Perhaps contradictorily, this rhetoric both relied on a presumed gendered division of labor and the revolutionary cause of women’s liberation. Nevertheless, Liu posits that this rhetorical position reimagined the ways in which women could become involved in progressive causes. Historically, leftist women have been attacked for “wanting to become men.” But in positioning the battle for peace as a woman’s right to raise a family without fear of losing her husband or son to war—among other demands particular to the domestic front and women’s experiences—communist women were able to present the peace movement to their neighbors and peers in a more relatable manner. Black communist women also pushed their demands further to include liberation from white male supremacy as a primary goal of the peace movement.
This panel, hosted by the AHA, featuring members of the CPUSA and friends of the party, points to a shift in Communist historiography away from the fearmongering and condescension of the Cold War, and toward a more honest and open analysis of the party’s shortcomings and successes. Only in recent years has the Red Taboo lifted somewhat, after decades of scholars brushing aside communist history as defunct. It is no surprise that communists themselves are now leading the charge in making their own historiography.

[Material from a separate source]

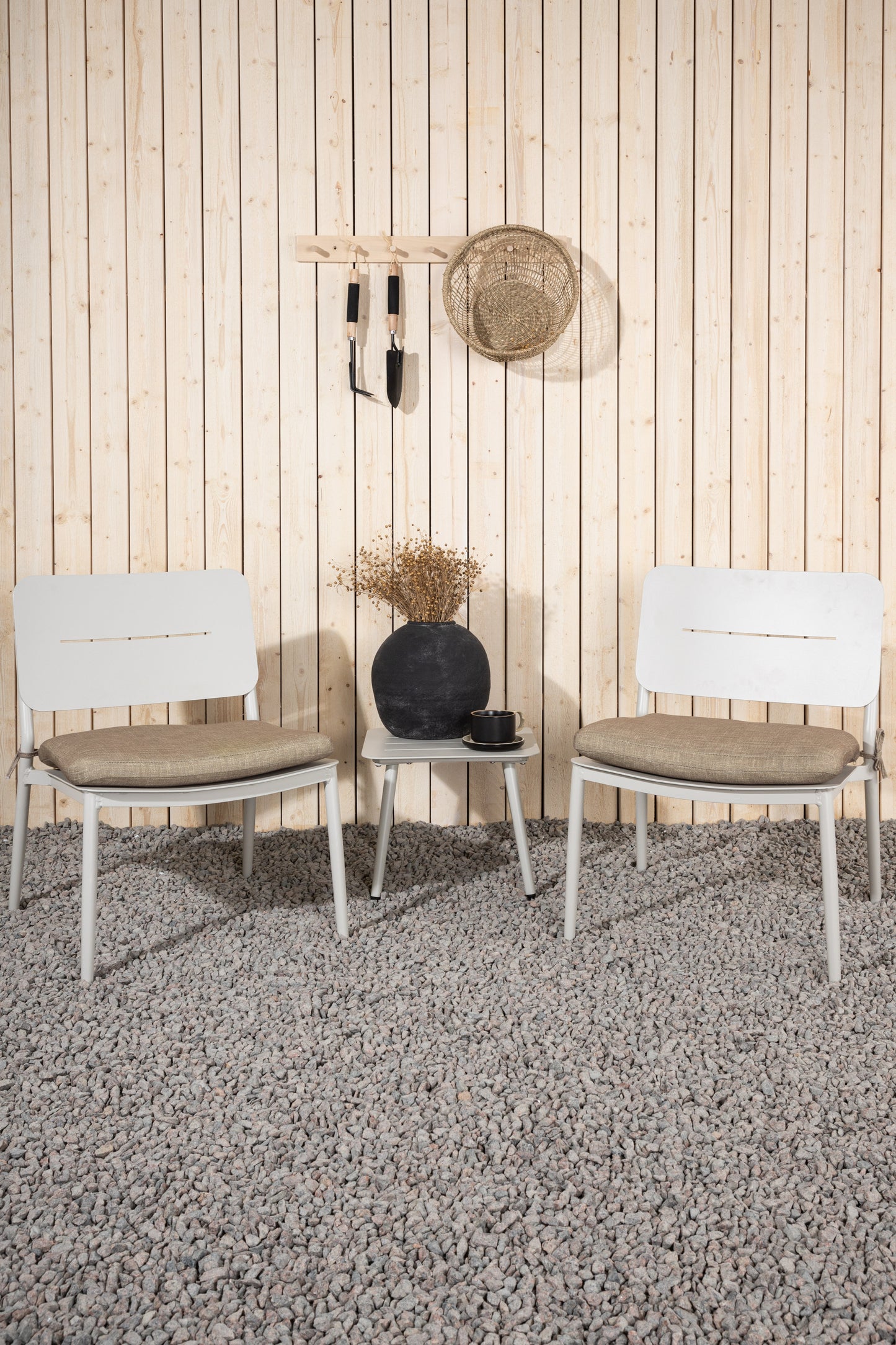 Lina garden chair beige per 2 pieces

However, Professor Carson still thinks that we have a long way to go in confronting the nuances of communist history. The field is still dominated by white men, he says, and this is largely in part because communist history has been narrowly shoved into the category of political economy and geopolitics, a field which is overwhelmingly white, male, and chauvinistic. But there are rich social, ecological, and micro histories to be explored as well, as touched upon by the presentations in this panel.
International Publishers has recently released histories of radical Black movements from the 18th to the 21st centuries. Recent and forthcoming titles collate the writings of communist women, and old titles about women in the labor and antifascist movements are being brought back into print after many decades. But histories of anticolonial struggle, Asian American and Latino radical movements, LGBTQ+ history within the CPUSA and the larger communist movement, and women historians are still woefully underrepresented in the field of communist historiography.
Communists are some of the most zealous recordkeepers of their own history, probably because we know that if we don’t do it, no one else will (except maybe the FBI and the CIA). Government records tracking the activity of the Communist Party and its affiliated organizations are being declassified each year, but it takes a discerning eye to cut through the anticommunist hysteria permeating such documents in order to find a true and human story underneath. Meanwhile, elders within the movement—whether they were involved in the fight for civil rights, decolonization, labor, peace, or all these and more—can probably tell you upfront how it all went down years ago.
History can be made and taught by anyone; it is a living practice that must be engaged with consciously and constantly within our movements. The knowledge and experiences of our revolutionary predecessors are what give us the fortitude for the struggles of the present and future.